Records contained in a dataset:
= Beginning of Section =

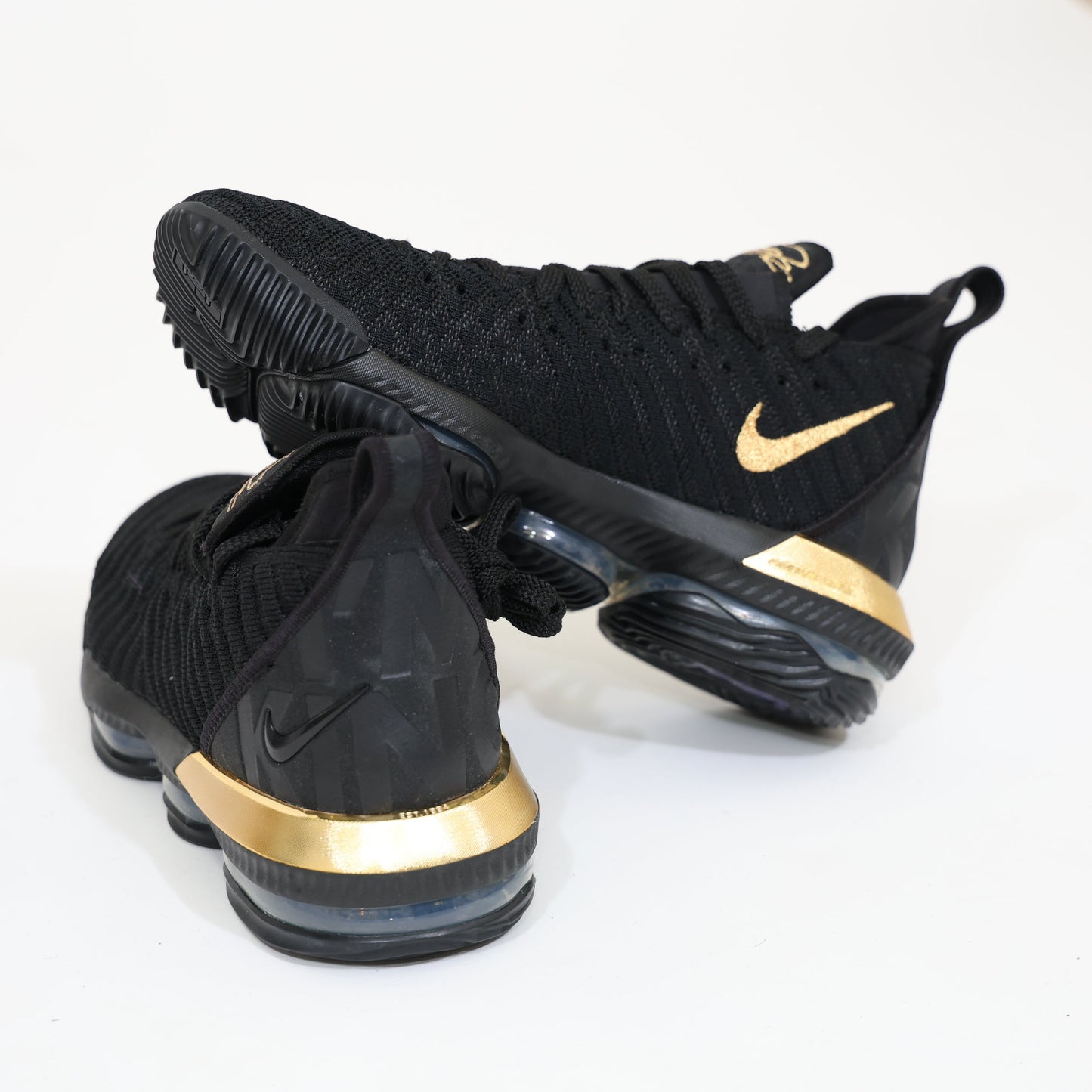 Nike LeBron 16 "I Am King"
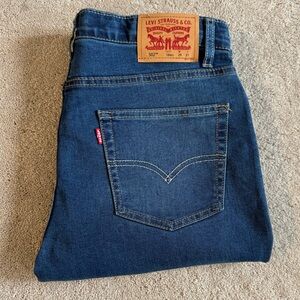 Levi’s 502 Straight Leg Jeans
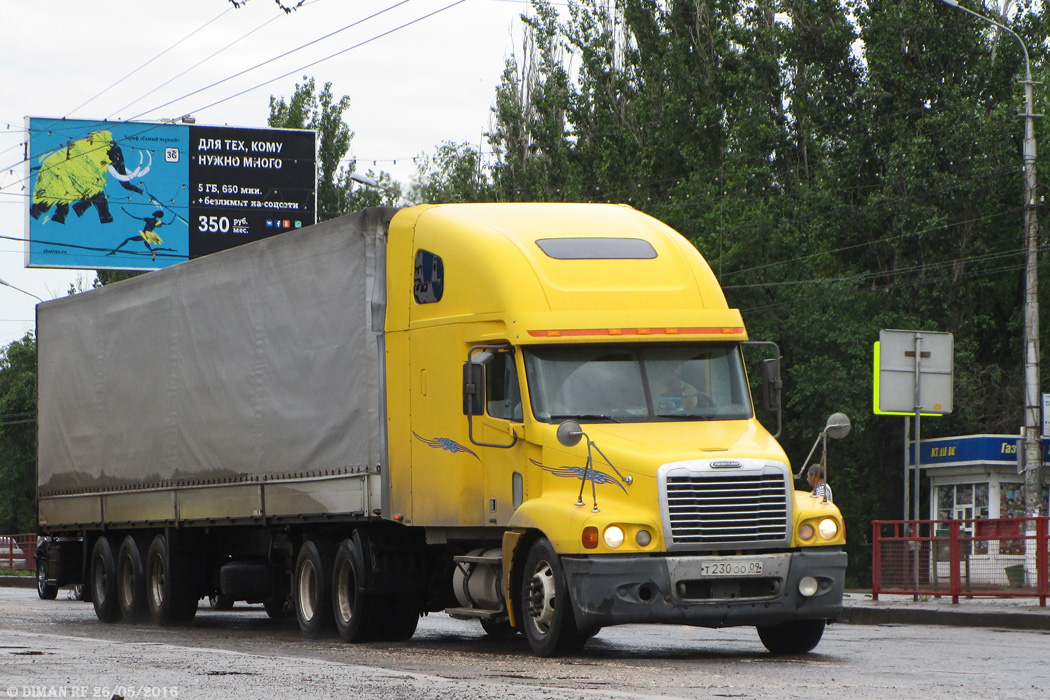 Карачаево-Черкесия, № Т 230 ОО 09 — Freightliner Century Class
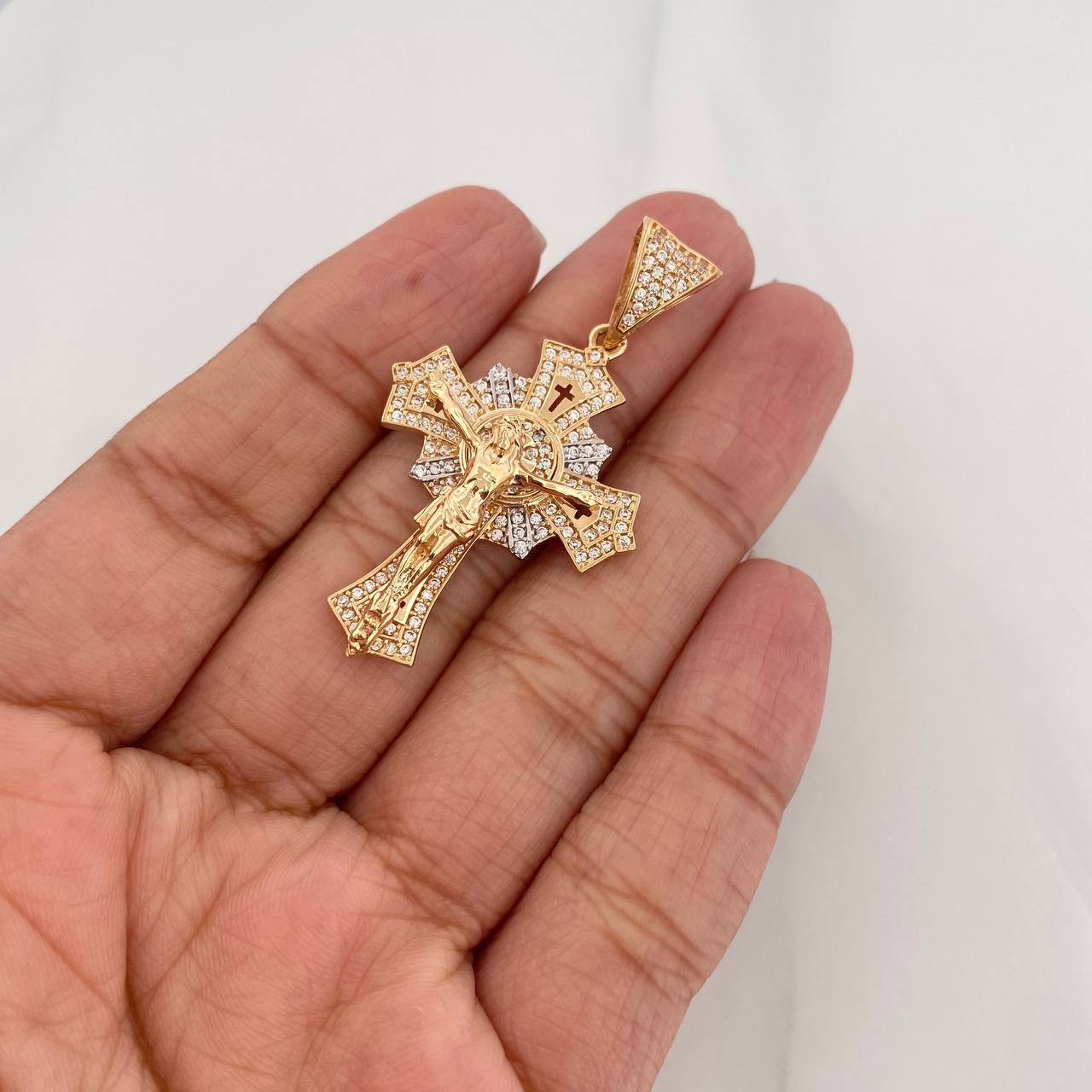 Dije Cruz Cristo 6.75g / 4.5cm Dos Oros Amarillo Blanco 18K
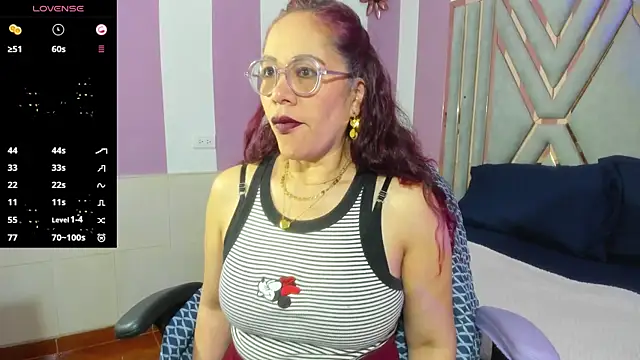 Snapshot of maria_paulac chatting on October 1, 9:43 pm maria paulac online show from October 1, 9:43 pm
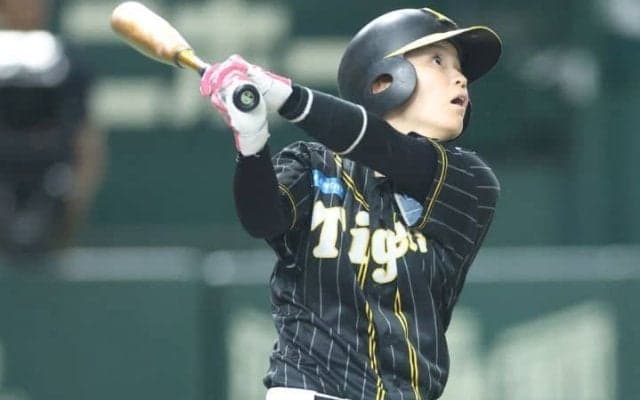 「阪神さん女子も強いんかい…」21歳女性捕手が東京ドーム右翼席にホームラン　ファン震撼「左の代打でお願いします!」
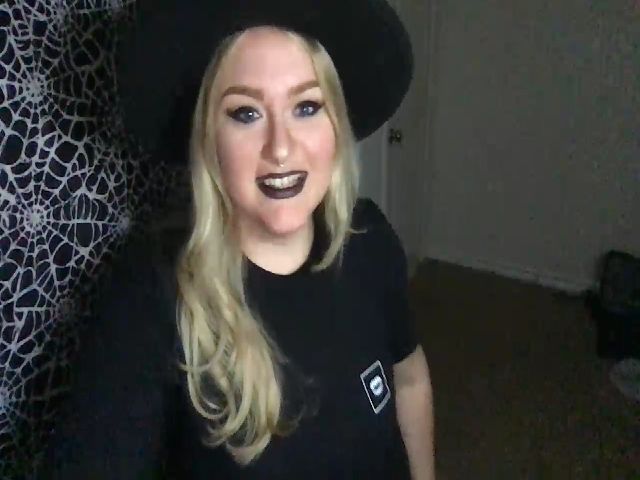 Live sex webcam photo for RosieRosebud1 #271099023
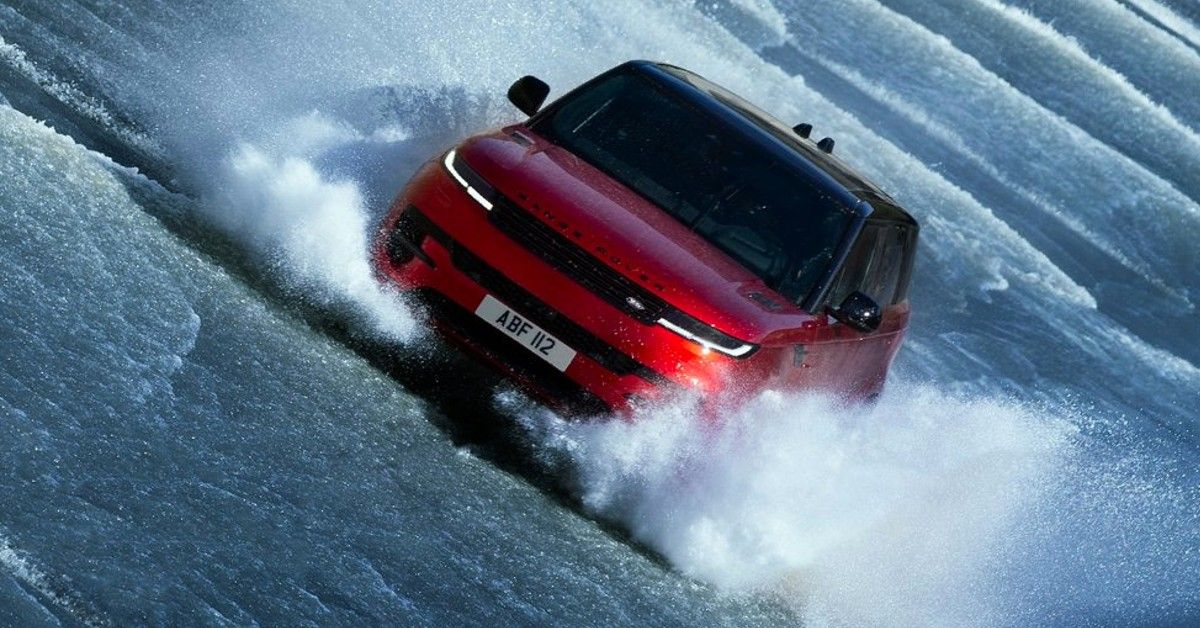 2023 Range Rover Sport in a water body hd wallpaper view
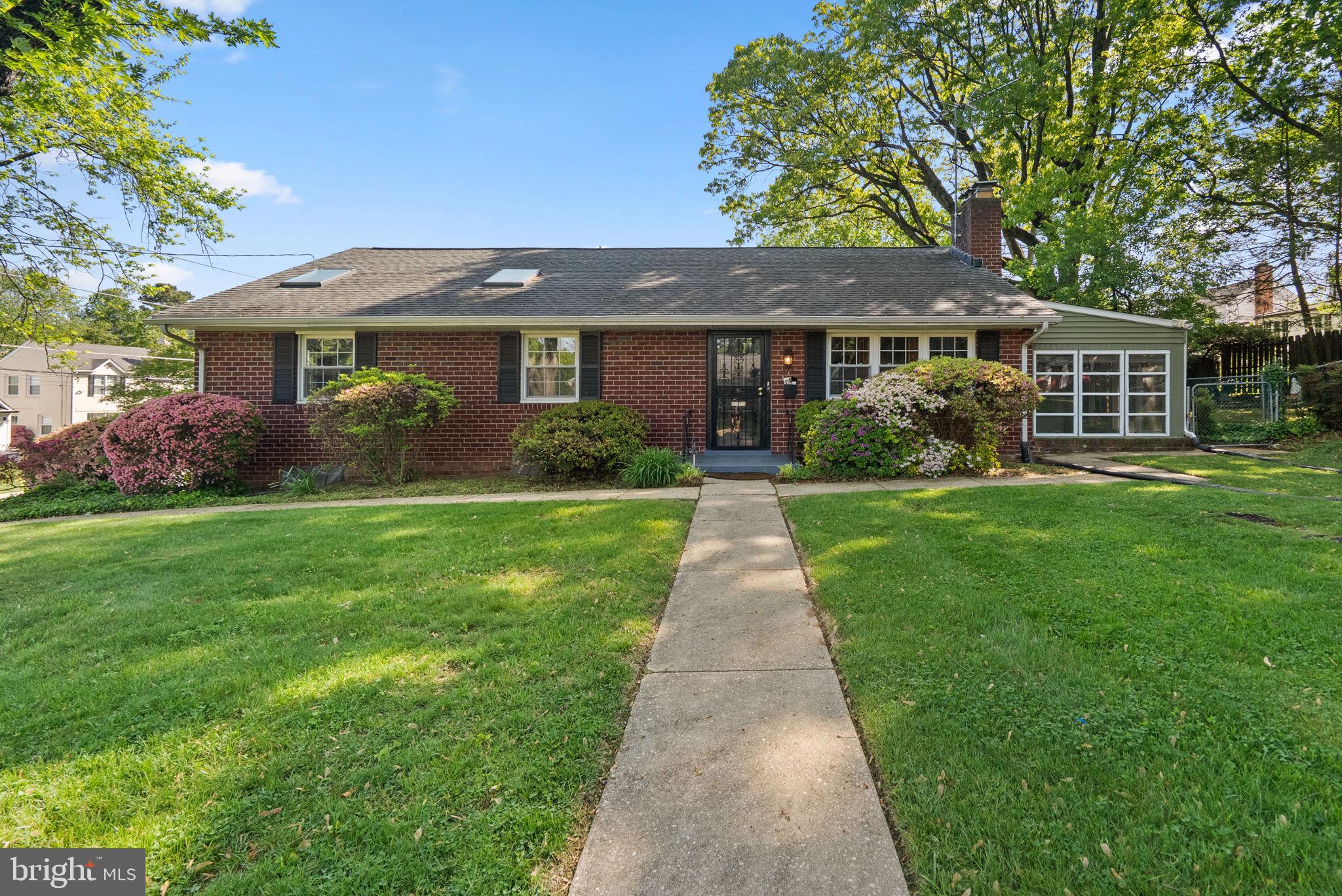 9807 Merwood Lane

= End of Section =

## Problem to solve
Set down nothing but the lines from the one containing "Live sex webcam" to the final line above, both included, with every picture left out.

## Task result
 Live sex webcam photo for RosieRosebud1 #271099023
 2023 Range Rover Sport in a water body hd wallpaper view
 9807 Merwood Lane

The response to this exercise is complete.